■ Problem to work on
Using the material that follows, output exactly the lines from the one containing "Other - Ivory" through the one containing "An illustration or", with both ends kept.

■ Source information
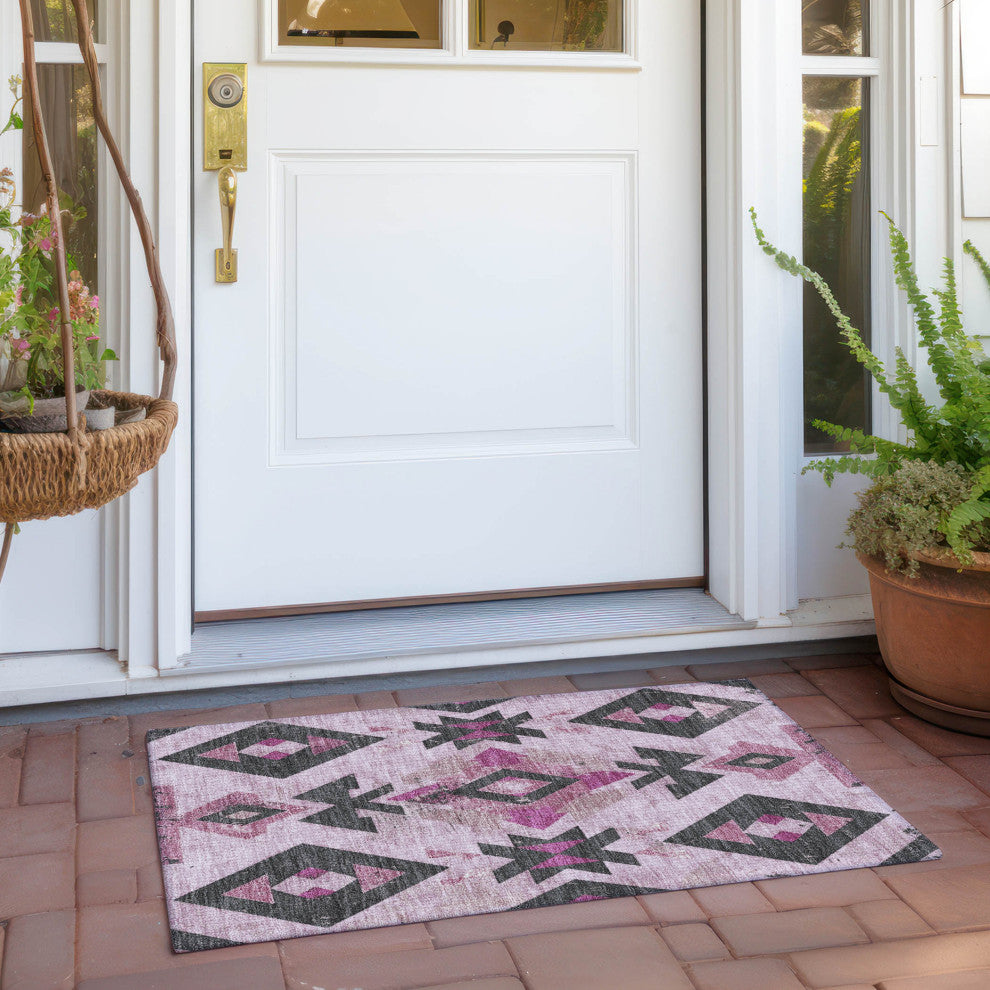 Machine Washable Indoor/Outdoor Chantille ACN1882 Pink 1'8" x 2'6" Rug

==

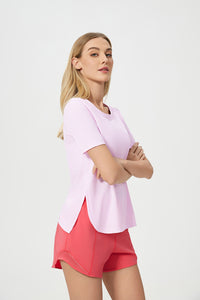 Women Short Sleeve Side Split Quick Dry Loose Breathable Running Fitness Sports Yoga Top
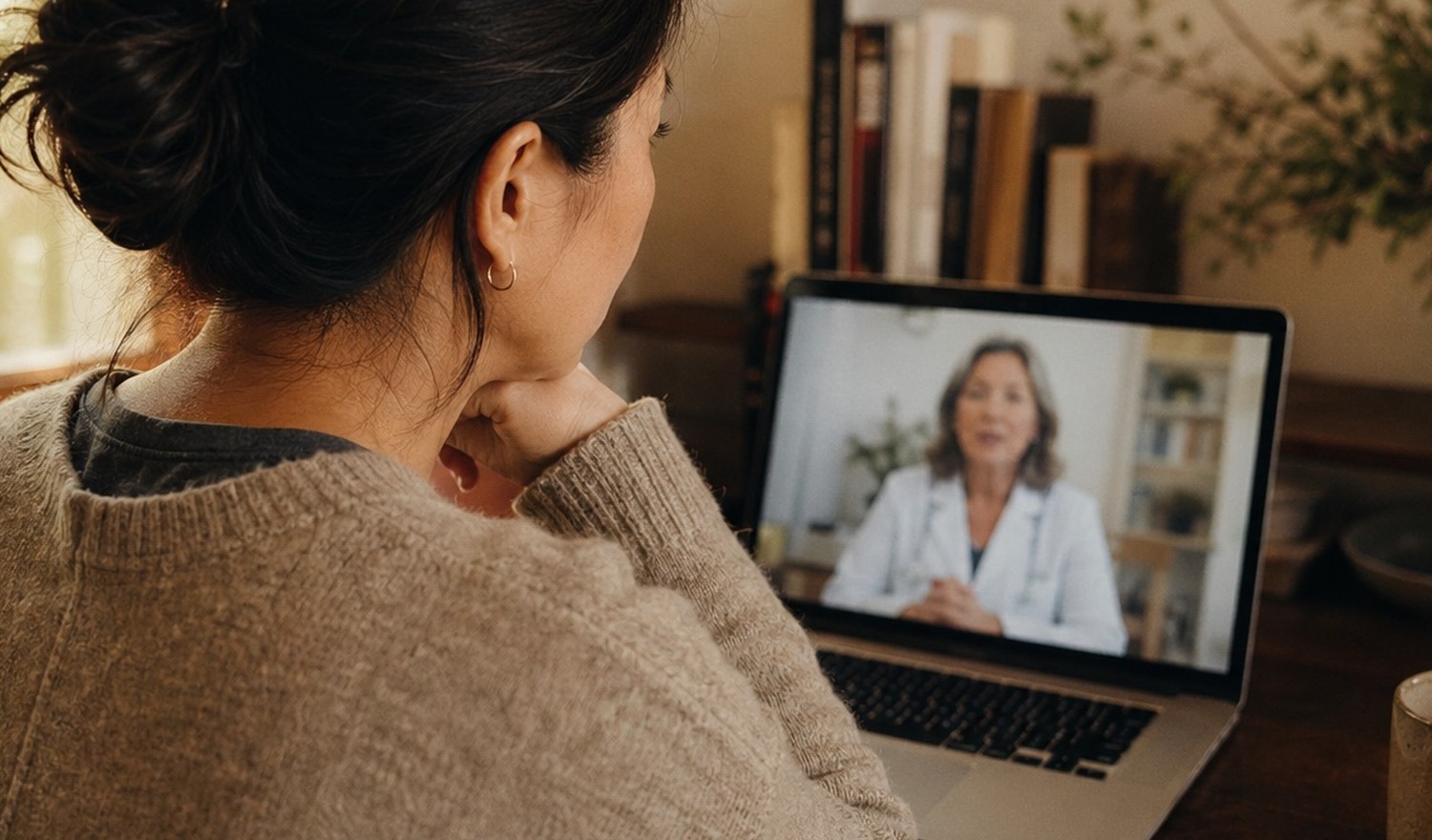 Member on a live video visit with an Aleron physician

==

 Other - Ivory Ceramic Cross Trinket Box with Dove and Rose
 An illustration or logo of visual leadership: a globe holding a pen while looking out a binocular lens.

■ Response to the task
 Other - Ivory Ceramic Cross Trinket Box with Dove and Rose
 An illustration or logo of visual leadership: a globe holding a pen while looking out a binocular lens.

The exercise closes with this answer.